Below are the records; give again exactly the lines from the one containing "Building Photo - 9214 Greenheather Dr" through the one containing "foxy newyork ワンピース フェミニン かわいい お洒落 40", leaving out pictures.

(RECORDS PROVIDED Opens)

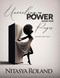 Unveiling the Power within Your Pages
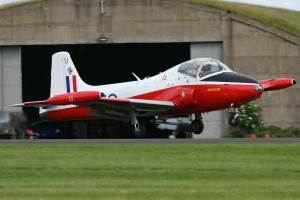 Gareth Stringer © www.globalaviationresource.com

(RECORDS PROVIDED Closes)
(RECORDS PROVIDED Opens)

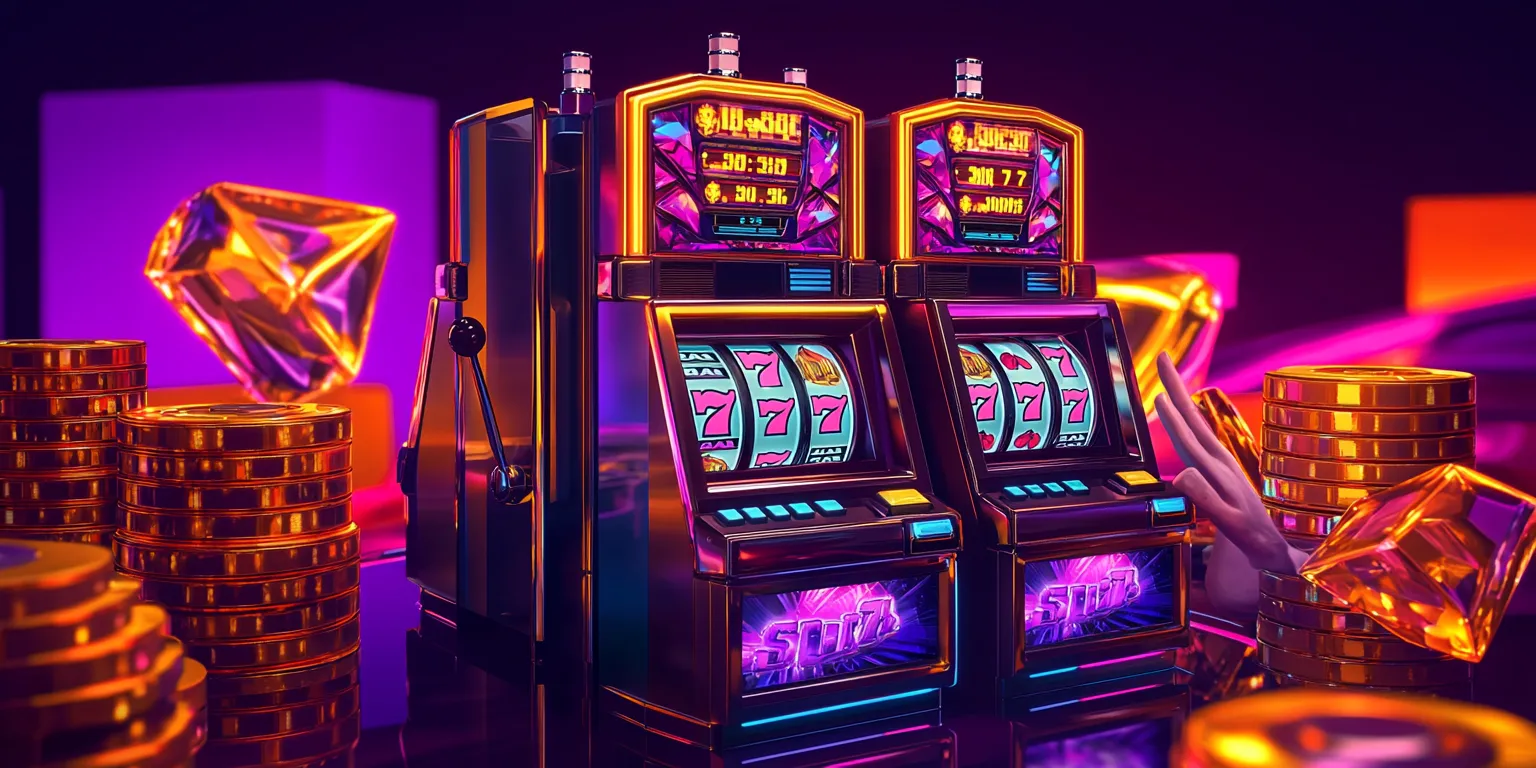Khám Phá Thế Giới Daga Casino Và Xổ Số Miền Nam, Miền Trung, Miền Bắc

(RECORDS PROVIDED Closes)
(RECORDS PROVIDED Opens)

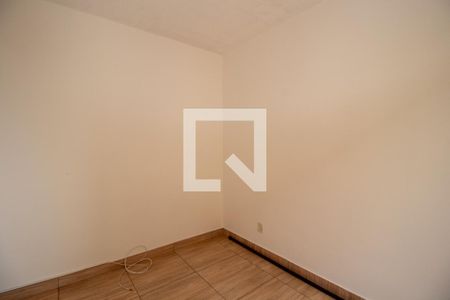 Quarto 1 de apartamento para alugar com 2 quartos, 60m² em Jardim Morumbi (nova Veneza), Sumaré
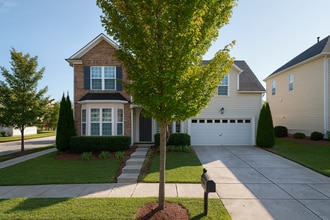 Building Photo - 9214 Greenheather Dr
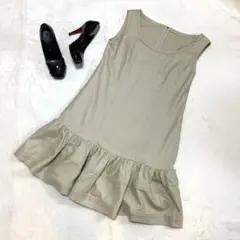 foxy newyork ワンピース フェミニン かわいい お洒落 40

(RECORDS PROVIDED Closes)

## REPLY:
 Building Photo - 9214 Greenheather Dr
 foxy newyork ワンピース フェミニン かわいい お洒落 40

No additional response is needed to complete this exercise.